> [Data for review]:
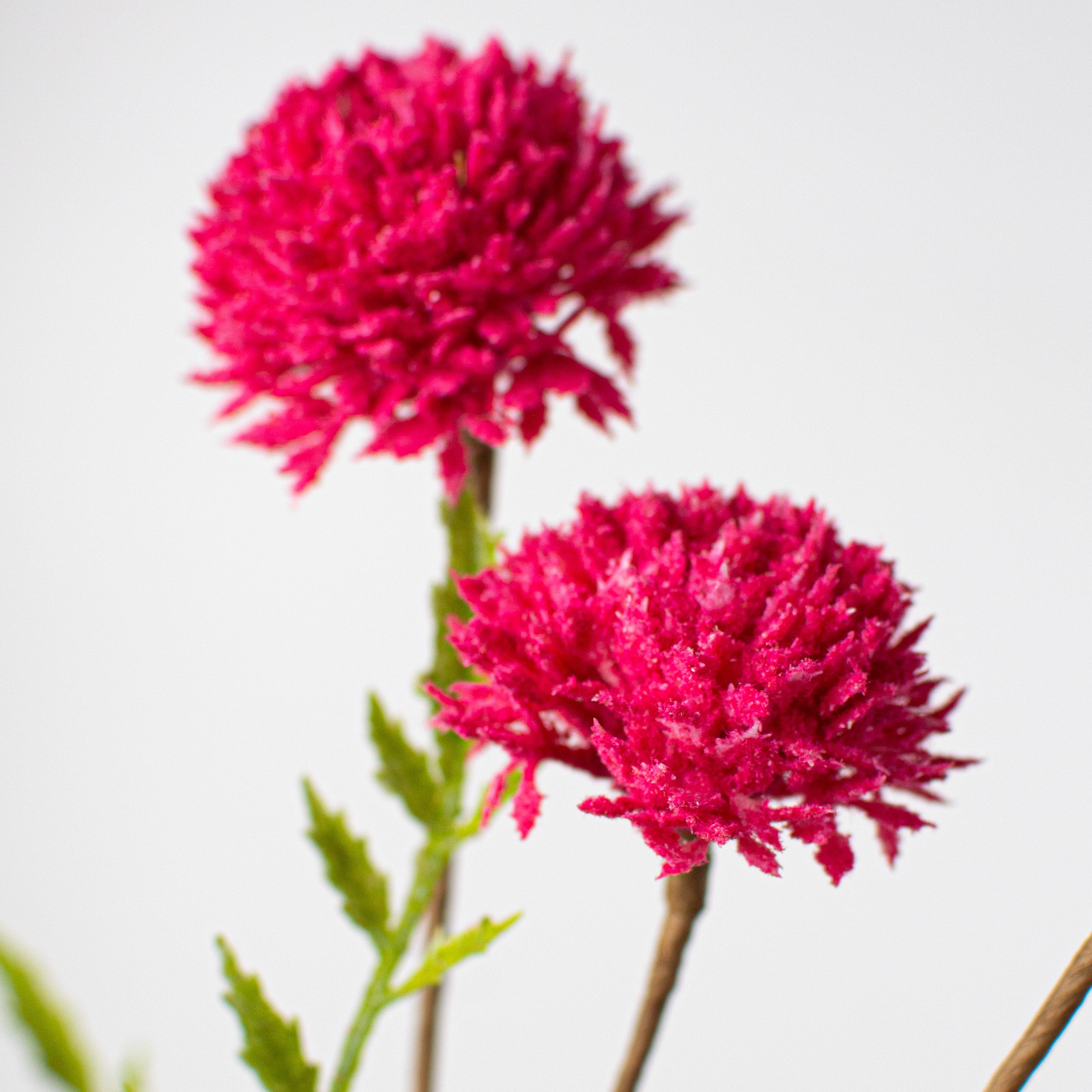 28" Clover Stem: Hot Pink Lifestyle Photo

* * *

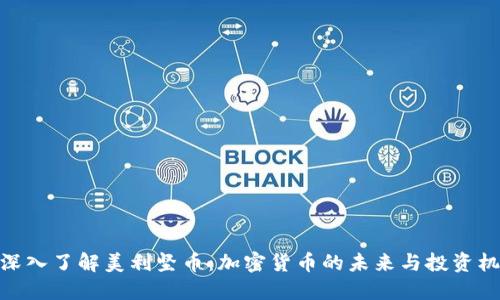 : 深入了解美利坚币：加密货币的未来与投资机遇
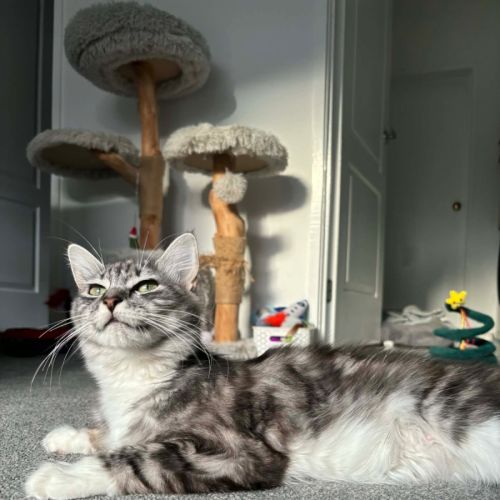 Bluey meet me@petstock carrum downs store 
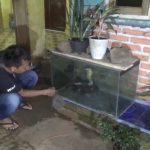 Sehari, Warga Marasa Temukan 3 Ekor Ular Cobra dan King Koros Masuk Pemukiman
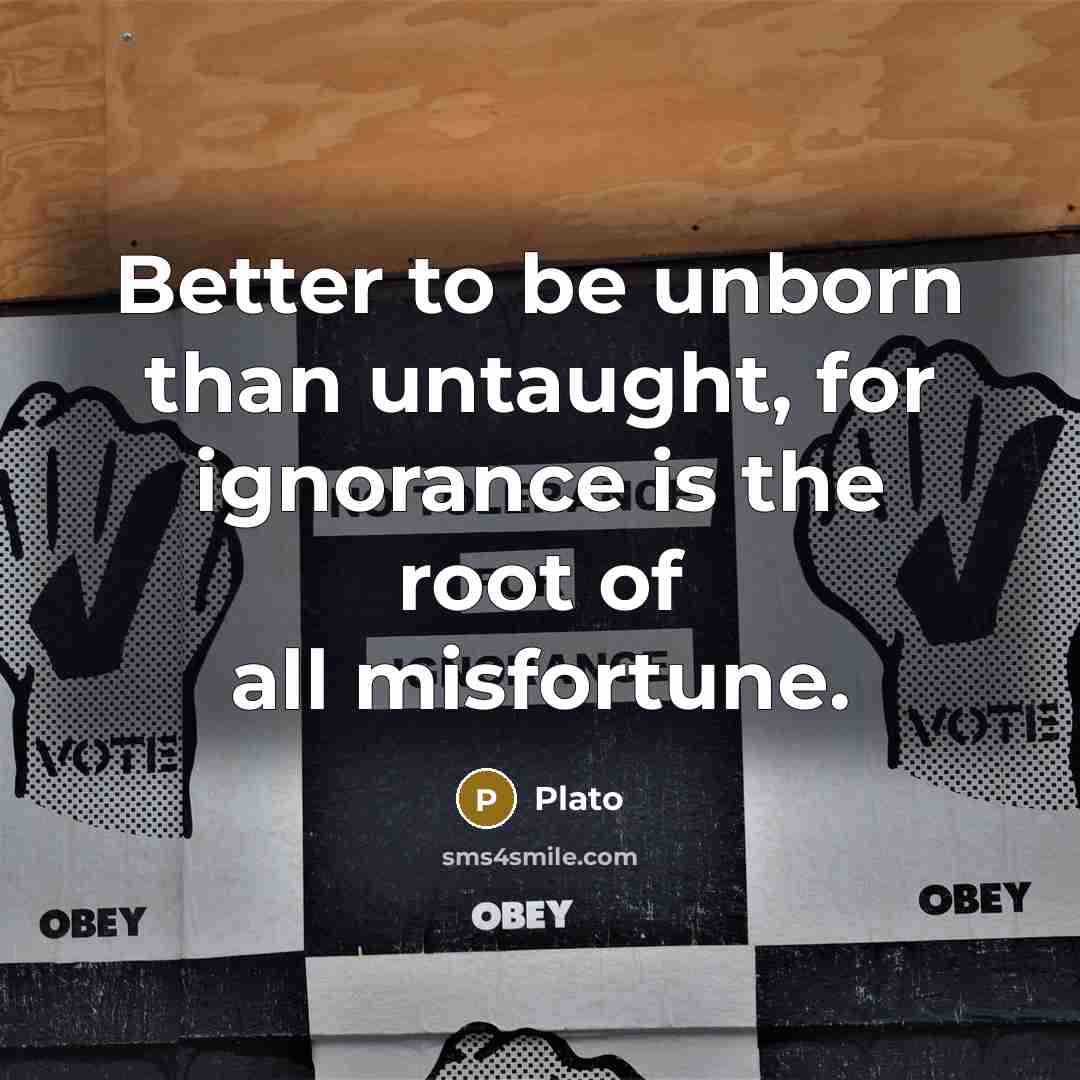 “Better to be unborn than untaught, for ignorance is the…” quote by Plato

> [Directions]: Repeat exactly the stretch of the listing above that starts with the line holding "Sehari, Warga Marasa" and finishes with the line holding "quote by Plato", both included. Skip every picture.

> [Result for this exercise]:
 Sehari, Warga Marasa Temukan 3 Ekor Ular Cobra dan King Koros Masuk Pemukiman
 “Better to be unborn than untaught, for ignorance is the…” quote by Plato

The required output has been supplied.